**What you have to do:** Please reproduce all entries word for word, leaving every image behind.

**Entries provided:**
┄┄┄┄┄┄┄┄┄┄┄┄┄┄┄┄┄┄┄┄

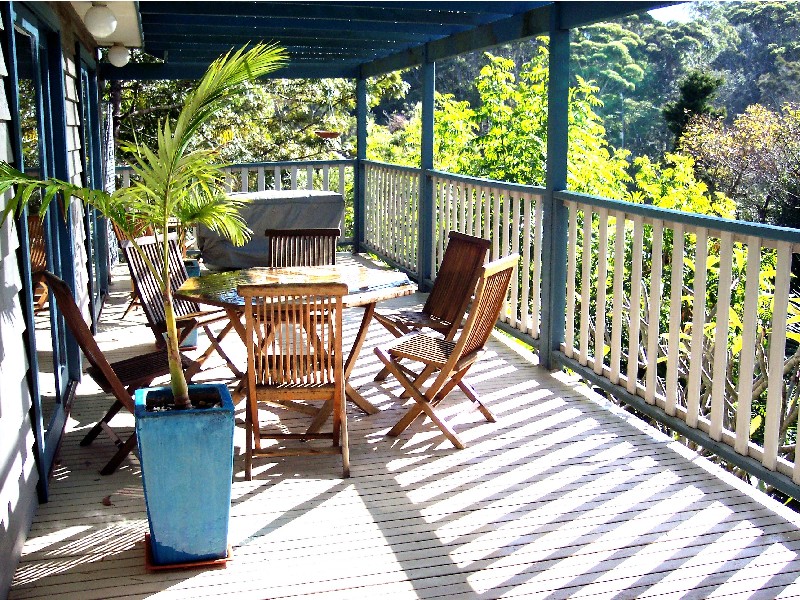 North Avoca NSW 2260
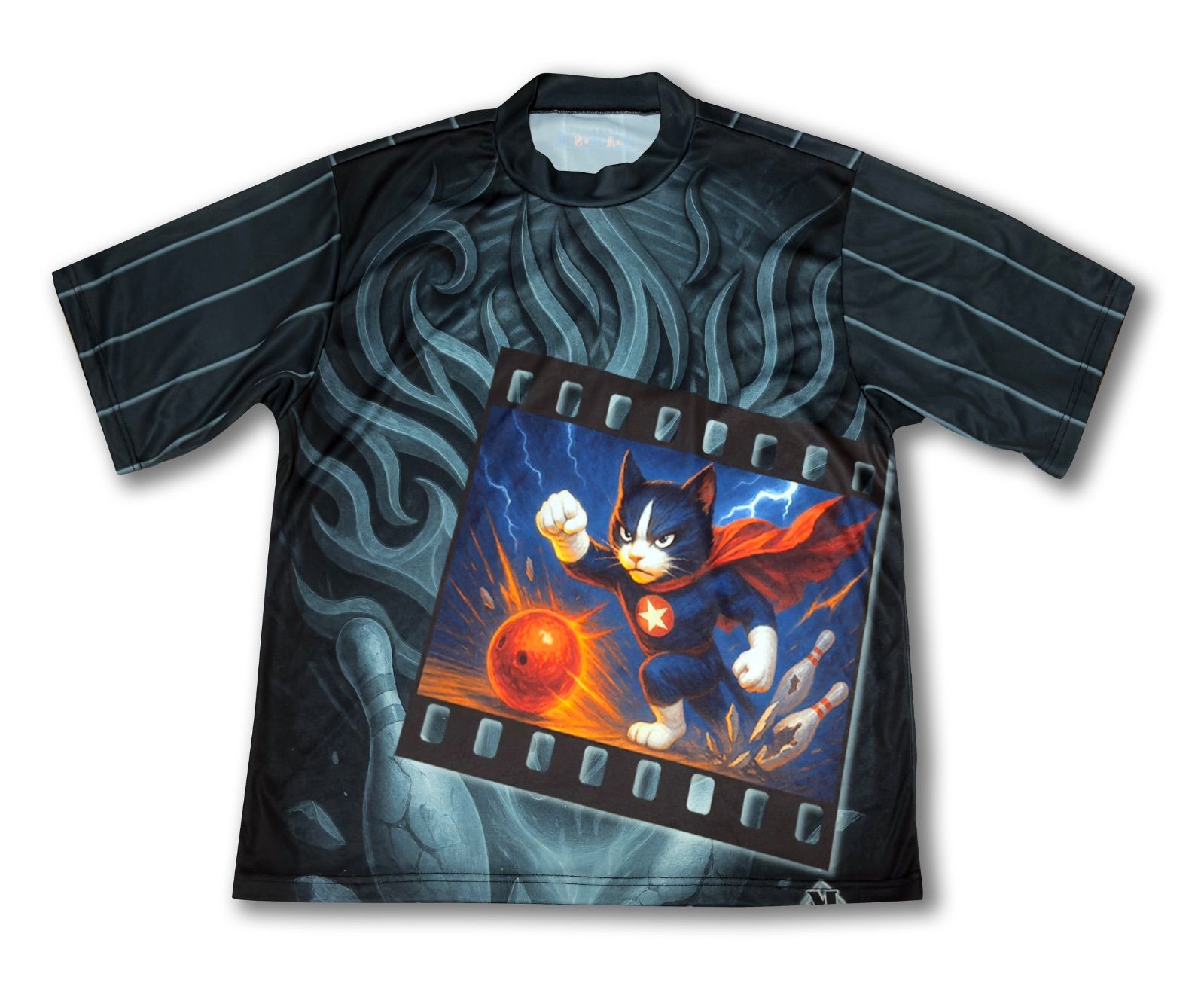 武田秀雄 紋紋 刺青 オフセット 額装 浮世絵 現代アート 漫画家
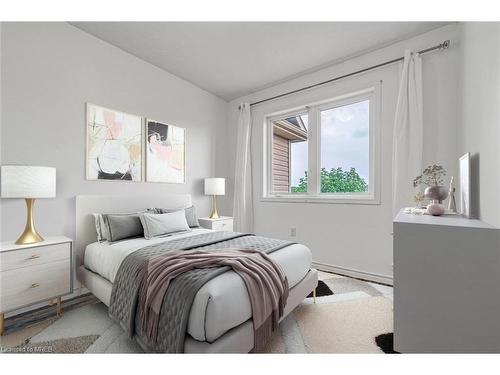 82 Trowbridge Street, Woolwich, ON - Indoor Photo Showing Bedroom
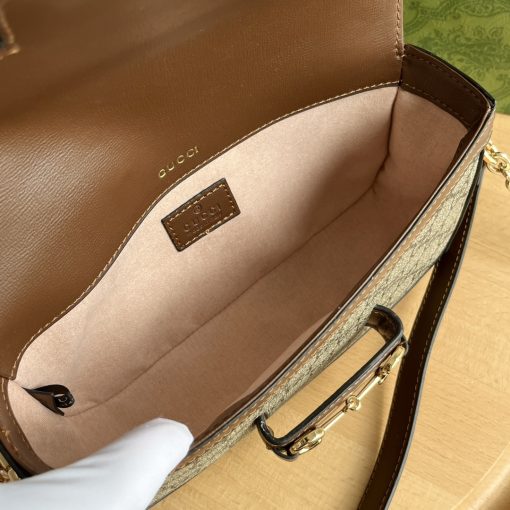 Gucci crossbody bag - Image 4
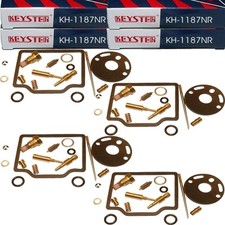 4x Kit de Réparation pour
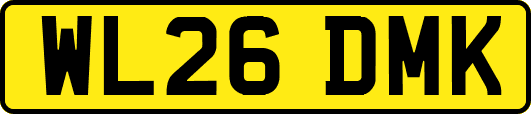 WL26DMK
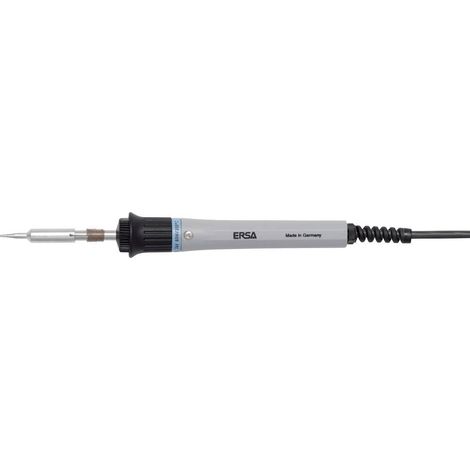 Fer à souder ERSA BASIC TOOL, 0670CDJ, 24 V, 60 W (1/2)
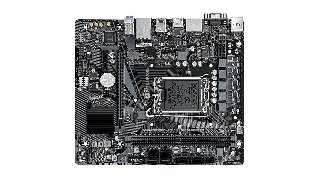 GIGABYTE H610M S2H V3 DDR4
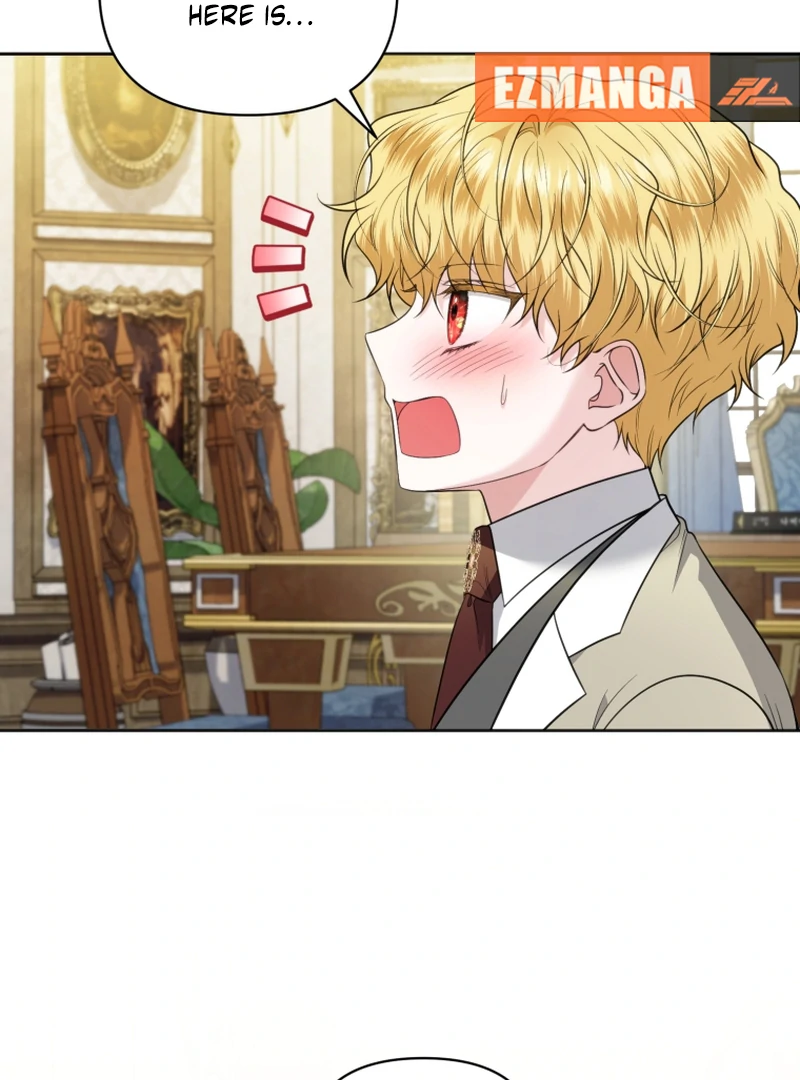 The Low-Ranking Civil Servant Wants to Achieve Success Chapter 42 473 076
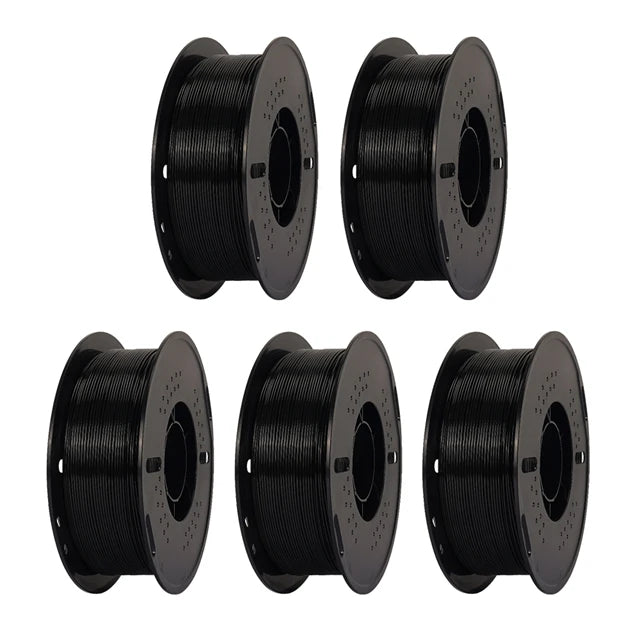 High-Speed PETG Filament 1.75mm | 5KG & 10KG Bulk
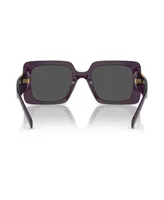 Versace Women's Sunglasses VE4405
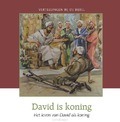 DAVID IS KONING - MEEUSE, C.J. - 9789491000805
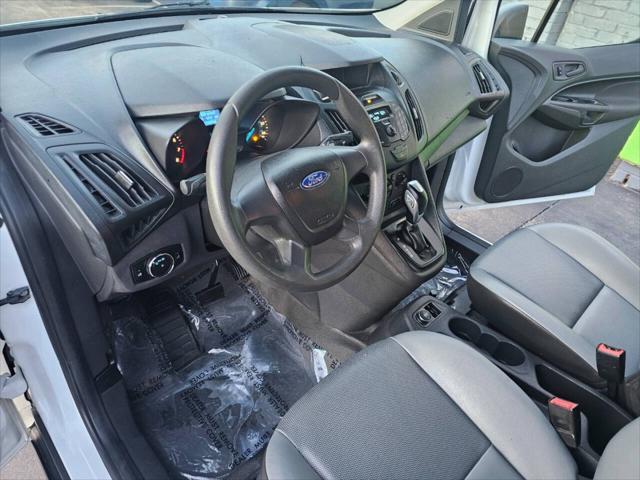 used 2015 Ford Transit Connect car, priced at $13,998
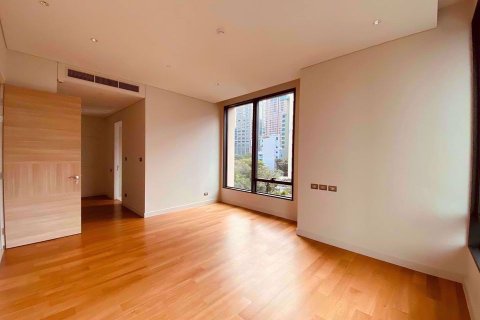 Condo à Pathum Wan, Bangkok, Thaïlande, 1 chambre № 76397 - photo 4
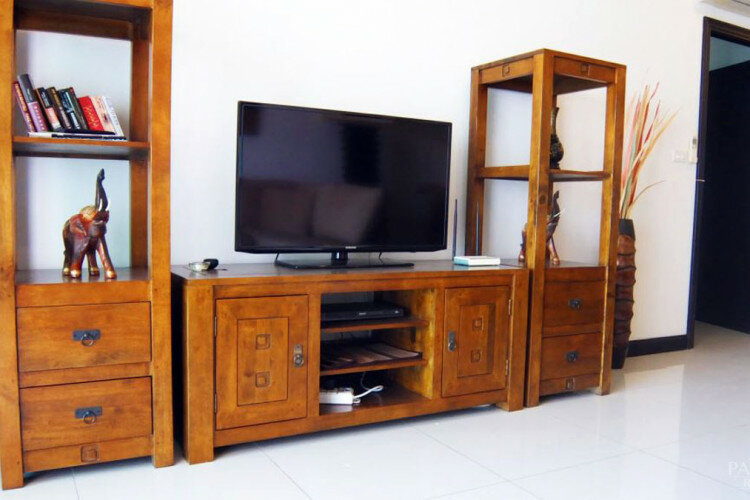 Кондоминиум в Паттайе, Таиланд | THE246410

┄┄┄┄┄┄┄┄┄┄┄┄┄┄┄┄┄┄┄┄

**Output of the exercise:**
 North Avoca NSW 2260
 武田秀雄 紋紋 刺青 オフセット 額装 浮世絵 現代アート 漫画家
 82 Trowbridge Street, Woolwich, ON - Indoor Photo Showing Bedroom
 Gucci crossbody bag - Image 4
 4x Kit de Réparation pour
 WL26DMK
 Fer à souder ERSA BASIC TOOL, 0670CDJ, 24 V, 60 W (1/2)
 GIGABYTE H610M S2H V3 DDR4
 The Low-Ranking Civil Servant Wants to Achieve Success Chapter 42 473 076
 High-Speed PETG Filament 1.75mm | 5KG & 10KG Bulk
 Versace Women's Sunglasses VE4405
 DAVID IS KONING - MEEUSE, C.J. - 9789491000805
 used 2015 Ford Transit Connect car, priced at $13,998
 Condo à Pathum Wan, Bangkok, Thaïlande, 1 chambre № 76397 - photo 4
 Кондоминиум в Паттайе, Таиланд | THE246410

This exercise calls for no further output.